Setup for different data types
While Excel files do not have metadata to tell Q how to set up the data, Q will try to infer the structure of your data based on what is in the columns and column headers. There are some conventions that you can use that will help reduce the amount of setup that you need to do once the file is imported.
Categorical data
When a column contains categories, it is almost always better that the column contains the labels of the categories rather than numbers which indicate the category values. The reason is that if the labels are not present, you will need to enter them later. If you’re stuck with numbers in your file, you can use Excel’s find-and-replace feature to replace values within individual columns or even groups of columns.
Multiple-response data
When you have a multiple-response question, the data should be stored in the Excel file with one column for each of the possible options that were shown in the survey. Be sure to avoid storing multiple responses within a single column, as this will make the data very difficult to analyze in Q.
An example of the proper layout for a multiple-response question is shown above in the last three columns. The columns headed as Q1a, Q1b, and Q1c represent three options that were shown in a multiple-response question. More tips for column headers for this type of data are considered below.
Missing data and ‘Don’t know’ categories
When a respondent has not given an answer to a question or skipped the question, then they should have an entry of NA in that cell. When working with categories, other kinds of responses that indicate the respondent saw the question but did not give an answer are generally best given a label of Don’t know or whatever phrasing matches your questionnaire.
Good conventions for column headers
Above I mentioned that your headers should always start with a letter rather than a number and that they should be as descriptive as possible. Here I’ll take a deeper look at some common cases where improving the headers will make a big difference.
Ditch multiple header rows
Some online survey providers will export an Excel or CSV file with two or more header rows describing the data. Here is one such example that actually contains three header rows:
The respondent data does not begin until the fourth row in the file. The first row contains short names, the second row contains the full question text, and the third row contains some additional tags.
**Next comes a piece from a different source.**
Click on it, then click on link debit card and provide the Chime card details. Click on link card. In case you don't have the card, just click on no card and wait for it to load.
Before using a file like this in Q you must reduce it to one header. In some cases, you may simply delete the rows that you don’t need. In other cases, you might like to use the Excel CONCATENATE() function to create a new header row. CONCATENATE() is used to paste together two or more pieces of text, and so could be used to combine the information in the second row with the short names in the first row. By using a formula like =CONCATENATE(R1, ” – “,R2) and a little clever copying-and-pasting, the headers can quickly take a more appropriate shape:
Depending on the nature of your file, some further tidying may be necessary, but a little trick like this can get you a long way.
Use headings to ensure your variables get grouped together
There is a range of survey question styles that collect multiple answers from each person. The most common examples include the traditional multiple-response question, and single-response and multiple-response grids. In most cases in your workflow, you will want to have the data from such questions grouped together in Q. The column headers that you use can help Q to identify when a group of variables should be analyzed together. The basic idea is that the column headers should contain an identifiable structure that indicates when variables are meant to go together.
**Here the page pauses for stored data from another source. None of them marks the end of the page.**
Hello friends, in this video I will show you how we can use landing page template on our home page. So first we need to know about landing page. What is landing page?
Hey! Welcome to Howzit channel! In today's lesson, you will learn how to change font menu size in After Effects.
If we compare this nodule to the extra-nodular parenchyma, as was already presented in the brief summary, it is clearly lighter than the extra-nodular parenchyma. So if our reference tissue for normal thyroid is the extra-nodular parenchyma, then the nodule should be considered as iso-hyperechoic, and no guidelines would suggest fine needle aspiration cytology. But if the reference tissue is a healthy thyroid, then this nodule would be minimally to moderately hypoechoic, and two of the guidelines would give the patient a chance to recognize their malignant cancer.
The screenshot in the first section of this article contains one such set of variables for a multiple-response question. The column headers are Q1a, Q1b, and Q1c. The common prefix is enough to tell Q that these variables go together.
Consider the case shown below, where we have asked people what aspects they feel are important when deciding what food to get delivered for a night in. The labels only tell us which response option was shown and there is no info in the headers to indicate that the variables are related to one another. These variables would not get grouped together when the data is imported into Q.
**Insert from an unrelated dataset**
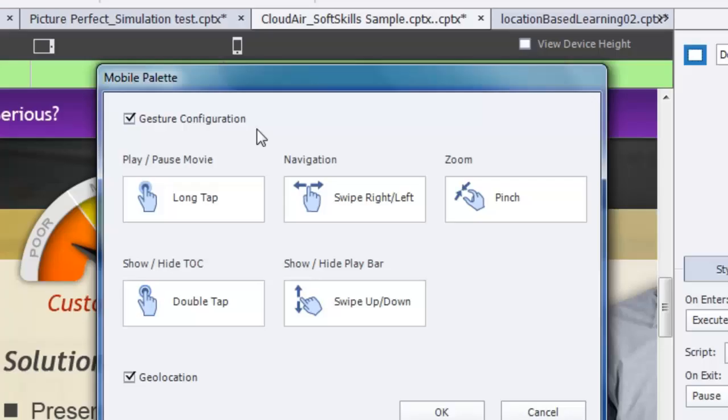This will make it possible for my learners to use gestures in their mobile versions of the course. You can see here that they can actually play or pause the movie by using a long tap. They can swipe to navigate left or right to the next slide or the previous slide. They can pinch to zoom so that they can zoom in on some area of the slide.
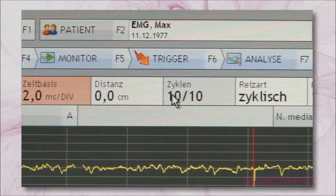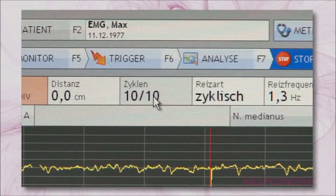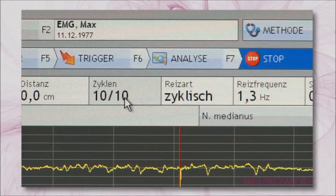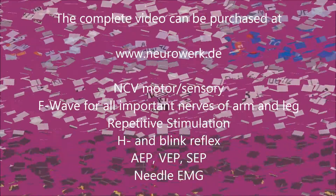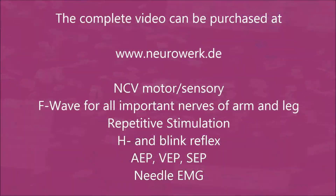Stimulus frequency: 1.3 Hz, 1.5 Hz. Stimulus duration settings vary depending on the signal type.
A better layout for these variables is as follows. Here, the text from the question has been included in the headers, and this pattern will ensure that Q groups these variables together when the data is imported.
The common prefix in the headers, “How important are the following when ordering delivery food? – “, is enough to allow Q to recognize the structure of this data.
Method
Using Excel files in Q
The tips above will help you get the best file possible Excel file for Q. Even with a tidy file, you may need to complete some other setup once you have imported the file into Q. This includes entering or tidying labels, recoding numeric values, and grouping variables. All of these things are really easy to take care of in Q once you know how!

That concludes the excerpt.